HUKUK DEVLETİ İSTİYORUM
Yıllar önce Paris'te gördüğüm bir olayı sizinle paylaşmıştım. Tur otobüslerine ayrılan yere bakanın korumaları girmişti. Otobüs şoförü korumaların aracını parktan çıkarmış, kendisine horozlanan korumalara da papuç bırakmamıştı.

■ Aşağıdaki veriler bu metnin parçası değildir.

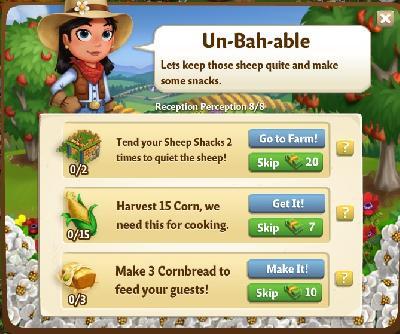 farmville 2 reception perception: un-bah-able rewards, bonus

Bu olayı tam 20 yıl önce gözlerimle görmüş görmüş, olması gerekenin yapılmasından haz duymuştum.
Dönelim ülkemize:
Görevi yetkililere soru sormak ve aldığı cevabı haber yapmak olan bir gazeteci,görevi halkı aydınlatmak olan, ilin en büyük mülki amirine soru soruyor. Vali Bey polislere emir vererek görevini yapan gazeteciyi göz altına aldırıyor. Böyle bir manzarayı görmek benim midemi bulandırıyor. Yılan eti yedirilmiş gibi tiksinti veriyor. Böyle bir ülkede yaşamaktan utanıyorum.
Ben hukuk devleti istiyorum !
Kişilerin yönettiği değil kuralların yönettiği bir ülke istiyorum. Bir gün Ali'nin bir gün Veli'nin saltanat sürdüğü bir ülke değil, asırlarca kuralların ve yasaların hakim olduğu bir ülke ... ! Yasaların kişilere göre değil hukuk kurallarına göre yapıldığı bir ülke... !
Daha önce sorulan soruya kurallar, yasalar ve teammüller gereği yanıt verilse, sorulan soru ciddiye alınsa belki de Suruç'ta yaşanan facia yaşanmayacaktı. Şimdi ortaya soruyorum 32 pırıl pırıl gencin yok olması hiç vicdanları sızlatmıyor mu ? Lütfen yetkili olanlar empati yapınınz. Bu kaybettiklerimizden bir tanesinin sizin çocuğunuz olduğunu düşünün. Allah rızası için düşünün !
Bana hiç kimse hukuk devleti ile 32 gencin ölümü arasında ne ilgi var demesin. Kişilerle değil de hukukla yönetilen ülkelerde böyle facialar yaşanmıyor. Hatası olan ya onuruyla istifa ediyor yada görevden alınıyor.
Kişiler tarafından yönetilen ülkelerde, yöneticiler basiretli idarecileri değil, dondurma yalar gibi kıç yalayanları tercih ediyor. O zaman da böyle vakaları görmek daha da sıklaşıyor.